▶ [MATERIALS PROVIDED]
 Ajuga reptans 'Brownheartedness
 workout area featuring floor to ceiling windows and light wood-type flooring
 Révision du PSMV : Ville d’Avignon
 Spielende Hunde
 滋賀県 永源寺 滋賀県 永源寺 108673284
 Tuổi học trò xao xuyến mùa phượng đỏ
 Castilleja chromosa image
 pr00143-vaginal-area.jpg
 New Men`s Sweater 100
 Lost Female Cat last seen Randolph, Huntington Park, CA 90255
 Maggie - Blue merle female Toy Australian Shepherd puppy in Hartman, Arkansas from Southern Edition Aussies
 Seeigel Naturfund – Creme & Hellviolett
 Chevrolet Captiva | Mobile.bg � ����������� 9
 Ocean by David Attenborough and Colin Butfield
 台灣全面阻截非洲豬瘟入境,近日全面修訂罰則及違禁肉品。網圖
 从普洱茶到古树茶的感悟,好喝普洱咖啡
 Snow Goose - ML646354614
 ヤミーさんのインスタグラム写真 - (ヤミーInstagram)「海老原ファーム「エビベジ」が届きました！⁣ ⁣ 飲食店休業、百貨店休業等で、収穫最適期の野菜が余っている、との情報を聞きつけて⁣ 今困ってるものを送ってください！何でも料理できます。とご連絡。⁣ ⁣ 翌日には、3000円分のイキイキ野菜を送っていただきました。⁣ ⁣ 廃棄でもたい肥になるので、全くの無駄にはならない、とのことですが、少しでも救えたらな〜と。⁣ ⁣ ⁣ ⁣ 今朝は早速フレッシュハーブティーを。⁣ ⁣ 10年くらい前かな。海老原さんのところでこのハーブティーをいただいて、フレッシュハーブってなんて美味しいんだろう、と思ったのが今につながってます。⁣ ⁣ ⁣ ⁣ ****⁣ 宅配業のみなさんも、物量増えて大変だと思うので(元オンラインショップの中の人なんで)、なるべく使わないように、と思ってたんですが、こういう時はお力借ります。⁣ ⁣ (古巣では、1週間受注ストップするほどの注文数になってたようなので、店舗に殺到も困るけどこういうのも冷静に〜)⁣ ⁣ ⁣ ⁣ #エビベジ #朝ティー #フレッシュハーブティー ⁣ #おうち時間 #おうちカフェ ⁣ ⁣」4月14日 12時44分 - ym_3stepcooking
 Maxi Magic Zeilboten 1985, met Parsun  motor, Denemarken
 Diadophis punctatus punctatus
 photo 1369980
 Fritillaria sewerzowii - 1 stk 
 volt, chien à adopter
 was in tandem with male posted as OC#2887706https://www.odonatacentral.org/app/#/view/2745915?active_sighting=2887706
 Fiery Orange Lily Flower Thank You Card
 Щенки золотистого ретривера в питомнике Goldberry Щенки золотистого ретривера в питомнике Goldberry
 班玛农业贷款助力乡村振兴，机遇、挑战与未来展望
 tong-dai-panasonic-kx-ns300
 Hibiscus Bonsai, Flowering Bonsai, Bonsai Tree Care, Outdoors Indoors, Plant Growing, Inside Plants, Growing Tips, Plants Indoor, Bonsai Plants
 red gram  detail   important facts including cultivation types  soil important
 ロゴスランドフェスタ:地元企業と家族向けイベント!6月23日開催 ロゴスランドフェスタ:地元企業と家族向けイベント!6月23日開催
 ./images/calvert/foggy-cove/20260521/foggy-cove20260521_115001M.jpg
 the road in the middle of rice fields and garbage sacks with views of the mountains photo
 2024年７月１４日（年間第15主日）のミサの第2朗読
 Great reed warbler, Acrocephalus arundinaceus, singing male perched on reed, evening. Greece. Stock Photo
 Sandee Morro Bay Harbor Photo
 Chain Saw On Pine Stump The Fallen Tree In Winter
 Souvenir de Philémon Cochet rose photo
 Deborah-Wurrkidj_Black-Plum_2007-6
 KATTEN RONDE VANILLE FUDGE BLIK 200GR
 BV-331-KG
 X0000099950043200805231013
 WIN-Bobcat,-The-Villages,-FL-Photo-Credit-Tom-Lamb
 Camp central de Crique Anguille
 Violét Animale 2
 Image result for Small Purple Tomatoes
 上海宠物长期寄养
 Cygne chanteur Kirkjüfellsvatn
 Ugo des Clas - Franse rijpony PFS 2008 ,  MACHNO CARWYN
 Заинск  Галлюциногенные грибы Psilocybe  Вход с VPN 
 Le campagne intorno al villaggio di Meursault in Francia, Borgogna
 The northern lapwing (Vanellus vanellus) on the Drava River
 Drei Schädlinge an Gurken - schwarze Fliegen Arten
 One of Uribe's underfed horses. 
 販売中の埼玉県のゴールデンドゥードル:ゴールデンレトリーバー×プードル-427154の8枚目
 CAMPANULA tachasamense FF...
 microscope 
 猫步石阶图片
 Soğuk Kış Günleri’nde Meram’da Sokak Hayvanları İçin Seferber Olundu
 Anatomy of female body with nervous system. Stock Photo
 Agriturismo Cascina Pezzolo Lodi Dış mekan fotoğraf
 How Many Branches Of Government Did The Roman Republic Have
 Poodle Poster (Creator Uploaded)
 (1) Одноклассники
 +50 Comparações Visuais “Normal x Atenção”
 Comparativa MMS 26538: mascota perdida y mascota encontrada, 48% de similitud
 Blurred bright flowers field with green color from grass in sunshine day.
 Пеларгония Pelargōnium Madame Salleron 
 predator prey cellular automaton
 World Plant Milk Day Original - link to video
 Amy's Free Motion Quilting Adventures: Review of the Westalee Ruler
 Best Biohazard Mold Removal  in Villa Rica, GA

▶ [EXERCISE DETAILS]
Nothing in the records may be left out; copy them all exactly.

▶ [OUTPUT FOR THIS EXERCISE]
 Ajuga reptans 'Brownheartedness
 workout area featuring floor to ceiling windows and light wood-type flooring
 Révision du PSMV : Ville d’Avignon
 Spielende Hunde
 滋賀県 永源寺 滋賀県 永源寺 108673284
 Tuổi học trò xao xuyến mùa phượng đỏ
 Castilleja chromosa image
 pr00143-vaginal-area.jpg
 New Men`s Sweater 100
 Lost Female Cat last seen Randolph, Huntington Park, CA 90255
 Maggie - Blue merle female Toy Australian Shepherd puppy in Hartman, Arkansas from Southern Edition Aussies
 Seeigel Naturfund – Creme & Hellviolett
 Chevrolet Captiva | Mobile.bg � ����������� 9
 Ocean by David Attenborough and Colin Butfield
 台灣全面阻截非洲豬瘟入境,近日全面修訂罰則及違禁肉品。網圖
 从普洱茶到古树茶的感悟,好喝普洱咖啡
 Snow Goose - ML646354614
 ヤミーさんのインスタグラム写真 - (ヤミーInstagram)「海老原ファーム「エビベジ」が届きました！⁣ ⁣ 飲食店休業、百貨店休業等で、収穫最適期の野菜が余っている、との情報を聞きつけて⁣ 今困ってるものを送ってください！何でも料理できます。とご連絡。⁣ ⁣ 翌日には、3000円分のイキイキ野菜を送っていただきました。⁣ ⁣ 廃棄でもたい肥になるので、全くの無駄にはならない、とのことですが、少しでも救えたらな〜と。⁣ ⁣ ⁣ ⁣ 今朝は早速フレッシュハーブティーを。⁣ ⁣ 10年くらい前かな。海老原さんのところでこのハーブティーをいただいて、フレッシュハーブってなんて美味しいんだろう、と思ったのが今につながってます。⁣ ⁣ ⁣ ⁣ ****⁣ 宅配業のみなさんも、物量増えて大変だと思うので(元オンラインショップの中の人なんで)、なるべく使わないように、と思ってたんですが、こういう時はお力借ります。⁣ ⁣ (古巣では、1週間受注ストップするほどの注文数になってたようなので、店舗に殺到も困るけどこういうのも冷静に〜)⁣ ⁣ ⁣ ⁣ #エビベジ #朝ティー #フレッシュハーブティー ⁣ #おうち時間 #おうちカフェ ⁣ ⁣」4月14日 12時44分 - ym_3stepcooking
 Maxi Magic Zeilboten 1985, met Parsun  motor, Denemarken
 Diadophis punctatus punctatus
 photo 1369980
 Fritillaria sewerzowii - 1 stk 
 volt, chien à adopter
 was in tandem with male posted as OC#2887706https://www.odonatacentral.org/app/#/view/2745915?active_sighting=2887706
 Fiery Orange Lily Flower Thank You Card
 Щенки золотистого ретривера в питомнике Goldberry Щенки золотистого ретривера в питомнике Goldberry
 班玛农业贷款助力乡村振兴，机遇、挑战与未来展望
 tong-dai-panasonic-kx-ns300
 Hibiscus Bonsai, Flowering Bonsai, Bonsai Tree Care, Outdoors Indoors, Plant Growing, Inside Plants, Growing Tips, Plants Indoor, Bonsai Plants
 red gram  detail   important facts including cultivation types  soil important
 ロゴスランドフェスタ:地元企業と家族向けイベント!6月23日開催 ロゴスランドフェスタ:地元企業と家族向けイベント!6月23日開催
 ./images/calvert/foggy-cove/20260521/foggy-cove20260521_115001M.jpg
 the road in the middle of rice fields and garbage sacks with views of the mountains photo
 2024年７月１４日（年間第15主日）のミサの第2朗読
 Great reed warbler, Acrocephalus arundinaceus, singing male perched on reed, evening. Greece. Stock Photo
 Sandee Morro Bay Harbor Photo
 Chain Saw On Pine Stump The Fallen Tree In Winter
 Souvenir de Philémon Cochet rose photo
 Deborah-Wurrkidj_Black-Plum_2007-6
 KATTEN RONDE VANILLE FUDGE BLIK 200GR
 BV-331-KG
 X0000099950043200805231013
 WIN-Bobcat,-The-Villages,-FL-Photo-Credit-Tom-Lamb
 Camp central de Crique Anguille
 Violét Animale 2
 Image result for Small Purple Tomatoes
 上海宠物长期寄养
 Cygne chanteur Kirkjüfellsvatn
 Ugo des Clas - Franse rijpony PFS 2008 ,  MACHNO CARWYN
 Заинск  Галлюциногенные грибы Psilocybe  Вход с VPN 
 Le campagne intorno al villaggio di Meursault in Francia, Borgogna
 The northern lapwing (Vanellus vanellus) on the Drava River
 Drei Schädlinge an Gurken - schwarze Fliegen Arten
 One of Uribe's underfed horses. 
 販売中の埼玉県のゴールデンドゥードル:ゴールデンレトリーバー×プードル-427154の8枚目
 CAMPANULA tachasamense FF...
 microscope 
 猫步石阶图片
 Soğuk Kış Günleri’nde Meram’da Sokak Hayvanları İçin Seferber Olundu
 Anatomy of female body with nervous system. Stock Photo
 Agriturismo Cascina Pezzolo Lodi Dış mekan fotoğraf
 How Many Branches Of Government Did The Roman Republic Have
 Poodle Poster (Creator Uploaded)
 (1) Одноклассники
 +50 Comparações Visuais “Normal x Atenção”
 Comparativa MMS 26538: mascota perdida y mascota encontrada, 48% de similitud
 Blurred bright flowers field with green color from grass in sunshine day.
 Пеларгония Pelargōnium Madame Salleron 
 predator prey cellular automaton
 World Plant Milk Day Original - link to video
 Amy's Free Motion Quilting Adventures: Review of the Westalee Ruler
 Best Biohazard Mold Removal  in Villa Rica, GA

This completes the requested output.